Thursday, February 08, 2007

A face to launch a thousand ships

A recent report has it that the Malaysian government is reviving a ban on multiracial Asian faces used in advertising and in magazines.

According to the South China Morning Post, Information Minister Zainuddin Maidin said models with ‘pan-Asian’ features were not representative of Malaysian demographics.

"Using pan-Asian faces means downgrading local faces," he said. "We have to give priority to models with local looks."

Here’s an excerpt from the article:

The announcement on Sunday extended the ban to advertising carried by private television stations, the print media and billboards.
The minister said the ban would eventually cover all media, but it was unclear when it would take effect.
The ministry would have the power to decide on whether a model's features were appropriate, and be backed up by the weight of law.
A similar ban was imposed in 1997, but the law was l
ater shelved amid an outcry. Now, the government is again under pressure from cultural and religious purists who want to promote "local faces" in the media.
The Association of Accredited Advertising Agents Malaysia
said rigid guidelines were already "killing creativity" in the industry.

Malaysia’s conservative stance on advertising aside – there’s no point debating this – it is commonly noted that in Singapore too advertisers seem to prefer using pan-Asian faces.

Australians Rebecca Tan (1st pic) and Sarah Tan ( 2nd pic) – they’re not related – are two of the most high profile faces in the local modelling business. You may not be familiar with their names but you’d definitely recognise their faces. Not to mention MTV darling Denise Keller (3rd pic).

Singapore is a cosmopolitan place where you can find people – and food! – from all corners of the world. But due to the majority of our population being Chinese, you do see a lot more Chinese TV and music artistes gracing billboards and magazines. How many endorsement deals does Fann Wong have, for goodness’ sake!

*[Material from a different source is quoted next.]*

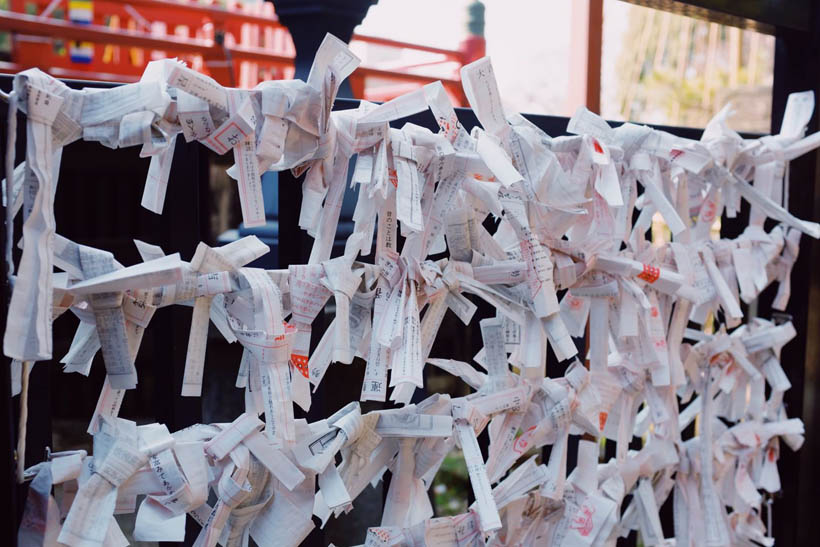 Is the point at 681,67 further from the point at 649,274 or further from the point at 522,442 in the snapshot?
the point at 522,442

So aside from the Chinese faces we see, and I’m generalising here, possibly the next largest groups would be the pan-Asians and Caucasians.

From an advertiser’s point of view, let’s do an informal poll, what’s right or wrong about preferring models of mixed parentage? Does race affect actual sales figures?

Personally, I feel such images in the media have gotten so commonplace that I don’t question them anymore, but is there even a need to question?

1 comment:

dismissive said...

a ban on faces - put that way - sounds silly, but the issues behind it aren't quite so stupid.

mass media is the "gateway drug" to culture, and in our media-addicted societies, there is no longer a line between the two.

while we (and even i) see the ban as borderline stupidity, controlling what we see in the mass media is one step towards reversing a cultural imperialism that has plagued local cultures across the globe for many long years.

we often hear our local politicians talk about "stayers" and "quitters", about our lack of national identity. how many singaporeans, from an early age, entertain thoughts of migrating from our shores? how many make emigration a goal or a benchmark of success?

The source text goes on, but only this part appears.